▼▼▼

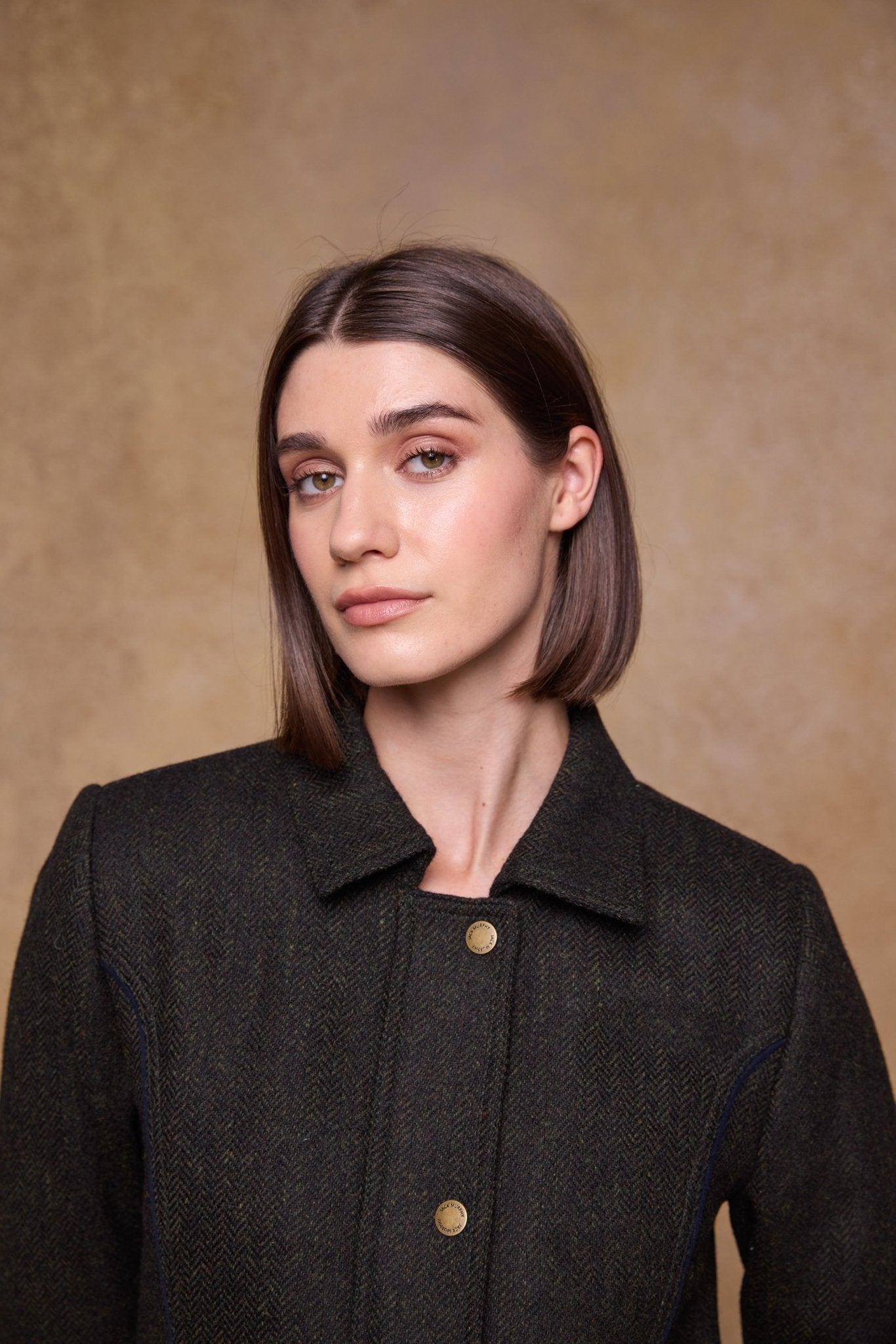 Jack Murphy Clothing - Aine Tweed Jacket - Deep Green Herringbone - Tweed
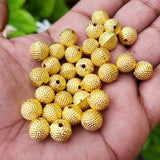 50/PCS PKG./LOT' 8.5-9 MM APPROX SIZE' BRIGHT GOLD CCB ACRYLIC MATELLIC BEADS FOR JEWELRY AND CRAFTS MAKING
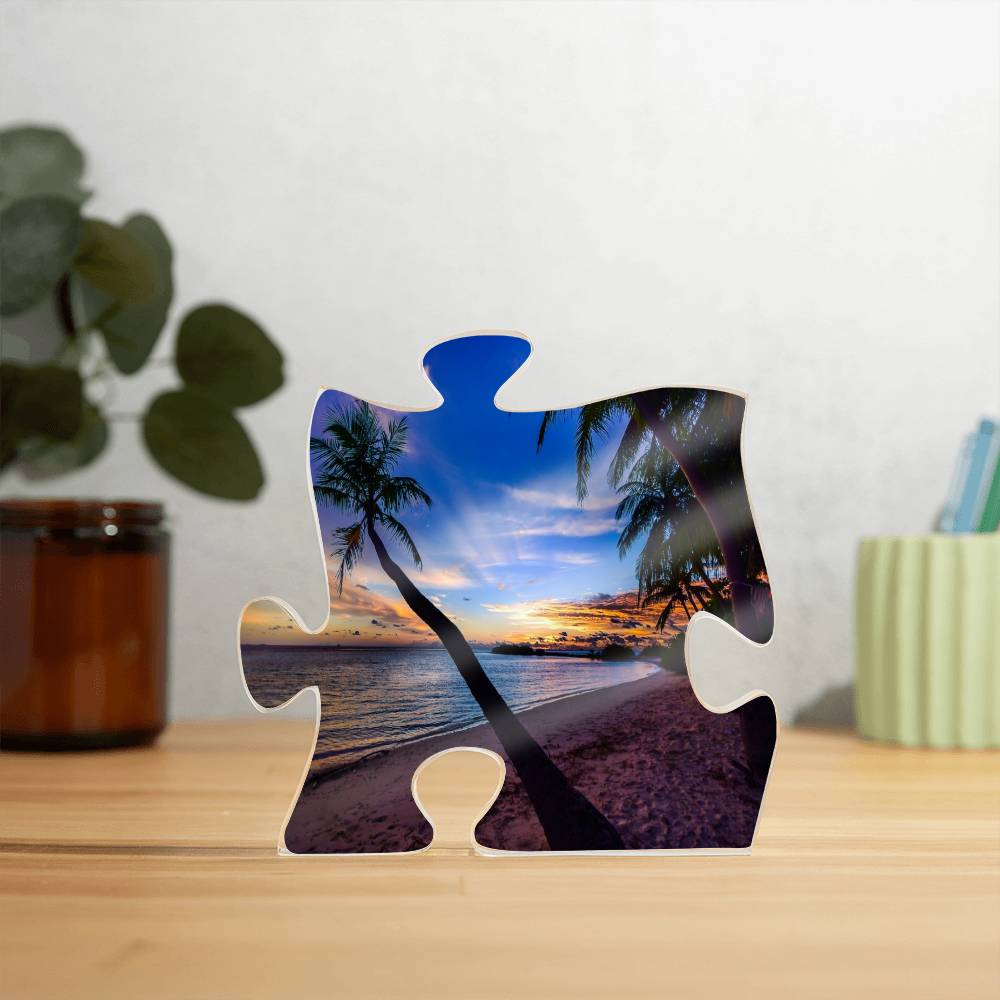 Beach Sunset with Palm Trees Puzzle Plaque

▲▲▲

Omit every picture, then repeat the remaining data exactly as it appears above.

 Jack Murphy Clothing - Aine Tweed Jacket - Deep Green Herringbone - Tweed
 50/PCS PKG./LOT' 8.5-9 MM APPROX SIZE' BRIGHT GOLD CCB ACRYLIC MATELLIC BEADS FOR JEWELRY AND CRAFTS MAKING
 Beach Sunset with Palm Trees Puzzle Plaque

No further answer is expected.